Things I’ve done so far:
1. Read 51% of Julia Serano’s Whipping Girl in order to heighten my consciousness re: trans misogyny etc, have a lot of feelings
2. Finished Michelle Tea’s Rent Girl (it was good)
3. Took an hour partial-nap, woke up unsatisfied
4. Wrote in my journal for about one minute, ran out of stuff to say, realized my personal life is actually really great right now
5. Tried to find some writing project I could pick up on my hard drive, realized everything I’ve written post-2006 is in google docs, got depressed looking at how much shit i’ve written that’ll never see the light of day
6. Found a random episode of Transgeneration on my itunes, watched it
7. Watched three 45-minute shows of “Download: The True Story of the Internet,” learned about the invention of google, facebook, amazon, ebay, the story of the dot-com bubble bursting, etc.
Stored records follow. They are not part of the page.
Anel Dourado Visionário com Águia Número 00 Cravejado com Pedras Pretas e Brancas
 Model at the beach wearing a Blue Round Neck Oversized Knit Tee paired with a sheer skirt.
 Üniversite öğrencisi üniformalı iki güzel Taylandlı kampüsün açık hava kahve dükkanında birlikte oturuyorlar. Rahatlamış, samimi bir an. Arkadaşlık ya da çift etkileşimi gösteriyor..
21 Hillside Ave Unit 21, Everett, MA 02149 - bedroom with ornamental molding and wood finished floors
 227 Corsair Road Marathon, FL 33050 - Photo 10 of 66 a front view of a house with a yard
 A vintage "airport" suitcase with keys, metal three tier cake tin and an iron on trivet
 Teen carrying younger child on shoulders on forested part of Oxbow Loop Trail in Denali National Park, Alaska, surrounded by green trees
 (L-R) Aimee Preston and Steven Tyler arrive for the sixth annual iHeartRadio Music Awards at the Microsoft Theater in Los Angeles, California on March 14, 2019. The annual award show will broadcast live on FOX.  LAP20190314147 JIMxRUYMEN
8. Inspired by these episodes, wrote a fierce email in text-edit to my designer & web developer about how I’m gonna flip out if they don’t make progress on one of my 15 brilliant money-making ideas this month, and by “flip out” I mean “be broke”
9. Erased the fierce email
10. Experienced 25-30 minutes of solid existential crisis, paranoia, despair, anger w/r/t the Autostraddle Situation
11. Wrote out a plan with “objectives” and “action steps” for one of my 15 brilliant ideas, fantasized about how this might inspire everyone to take action steps
12. G-chatted on my phone with bcw, sent emails on my phone and g-chatted Jess R, who said she flew from NYC to LA in 5 hours, which was great, got a text from Laneia about whiskey I’ll probably never actually drink, realized circa wheneverago that my phone was gonna die and I hadn’t brought a charger
13. Played Trivia Machine until the trial expired
14. Tried to write something about bisexuality, realized maybe I’d already written it, couldn’t check internet to verify
15. Consumed one (1) “cheeseburger” like product which was prepared in a microwave and served in a plastic bag for like 9 dollars, added extra mayo & ketchup, it was terrible
16. Organized all of our Dropbox folders and the folders on my computer
17. Ate pretzels and half a bag of m’n’ms, cost like $15
18. Talked to bcw on the telephone, had to whisper, the reception kept going in and out
In conclusion, I recommend that if you want to get from Point A to Point B, you select ANY form of transportation besides this one. If you want to get from Point A to Point B in the amount of time it’d take you to drive from Point A to Point B four times, then The Coast Starlight is for you.
Everyone I communicated with today was like “why didn’t you take a plane?” and I was like, “why WOULD i take a plane?” Air travel is invasive and complicated and expensive and terrible, surely we could all stand to slow down and actually look at where we’re going sometimes, right?
Fuck you, train. I WAS TRYING TO BE CHILL. [I should have just read about it on yelp.]